From my heart

15 July 2013

I am writing from the heart this morning (Saturday 13th July) because my heart breaks when I see what happened in Belfast last night. First of all I need to say that there were many things about yesterday which are worth celebrating; Londonderry’s March, with the new banner depicting the Peace Bridge, and similar Demonstrations across the country. Those experiences point us to the day I long for, a day when we can celebrate our different heritages, without rancour; a day when to celebrate one heritage does not mean “putting down” the other. There were other signs of hope, the return of the statue of the Virgin Mary which had been stolen; the efforts made by the Orange Order and many politicians and church and community leaders before the Twelfth towards ensuring a peaceful day; all of this and more is worth noting.

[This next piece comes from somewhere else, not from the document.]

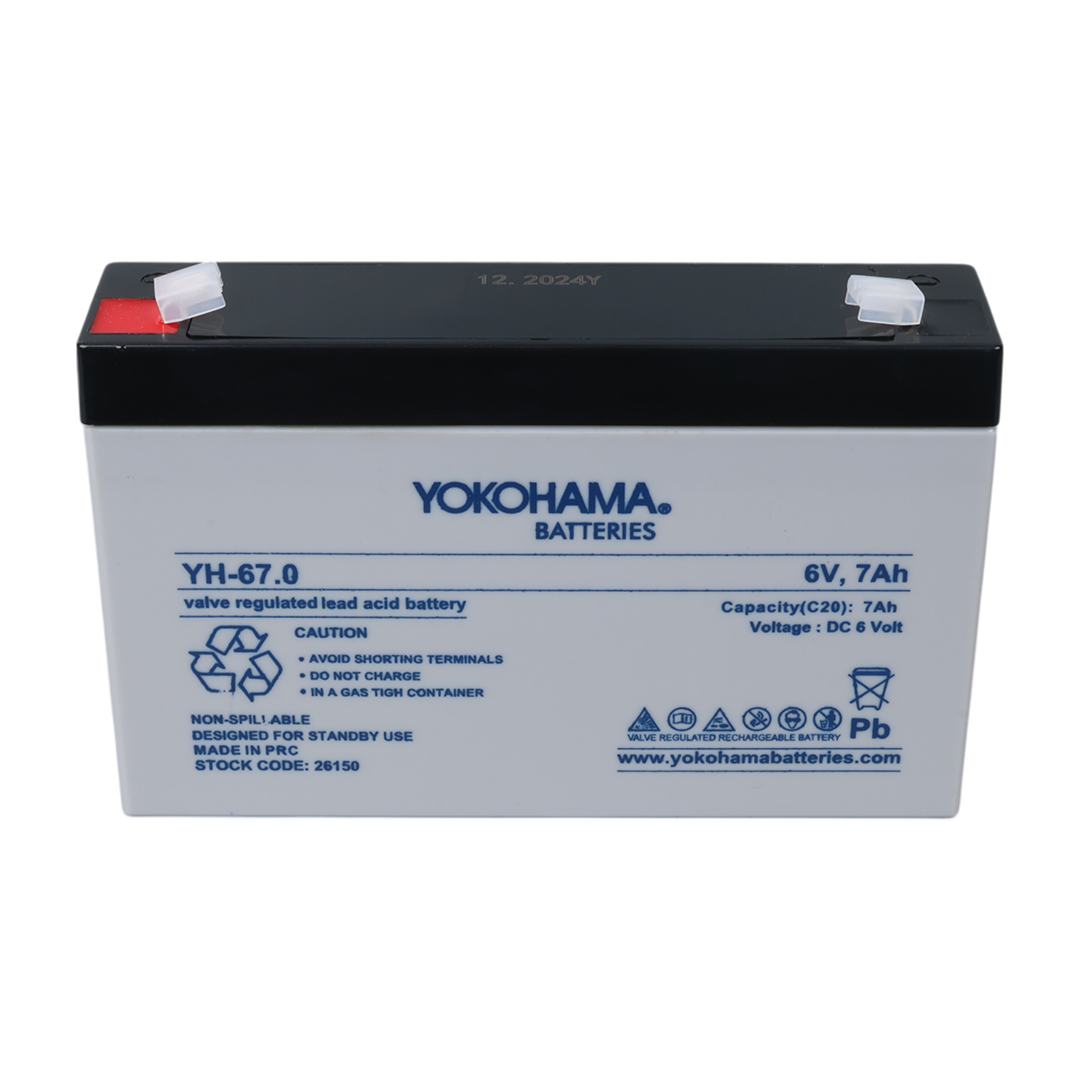 YOKOHAMA YH-67.0 6 VOLT - 7 AMPER KURU AKÜ (150 X 30 X 94 MM)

However this morning we wake once again to pictures of riots, to news of many police officers and others injured and to a lurking fear that this will continue. 

While I understand the frustration felt by many at the ruling of the Parade’s Commission with regard to Ardoyne, there are things this morning which need to be named as wrong. Any action, from any quarter, which fosters sectarian division is wrong. Peaceful protest is one thing but, what happened last night led to rioting. Violence on our streets leads to no good end. Let’s stop playing political games in which the aim is “us” winning and “them” losing. In Northern Ireland we know from bitter, hard and repeated experience that that simply leads to us all losing. This is time for courageous, grace filled action that points to Jesus, who set aside His “rights” for our sake. Let me also say, that sort of action needs to be met with grace and courage, not taken advantage of, or laughed at or seen as naïve or weakness.

Peace will not come to this wonderful, broken city until we have the courage to build it. In Luke’s Gospel we meet Jesus looking over a city he loved and weeping because it was heading towards destruction. While many have heavy hearts this morning I suspect that we do not weep enough. We care, but only a bit. It is time to care deeply; it is time to allow God’s love for this city and everyone in it to so touch our hearts that we act. Christians must not be content to shrug and think there is nothing more that can be done. So can we think about what building peace might mean for us, in our context? Perhaps it’s about rooting out sectarian attitudes which run deep in us; perhaps its committing to build deep, Christ-based relationships with people from other traditions; perhaps it means speaking out for peace rather than staying silent. For Christians it will mean prayer, which is decisive, effective action in itself.

All of us need to take action on the issues which underlie what happens on our streets. There is something fundamentally wrong with society when rioting is seen as recreation. Can we build and be part of a society where all know they are of value, where there is worthwhile work, where all see the point in voting, where education is encouraged and supported?

This morning I write in the light of last night. Of course there are strengths, weaknesses and faults on every side. This is from the heart for God’s people to care so deeply that we weep, and to allow God’s love to touch our hearts and our hands so that we act. That God’s Kingdom might come in Belfast.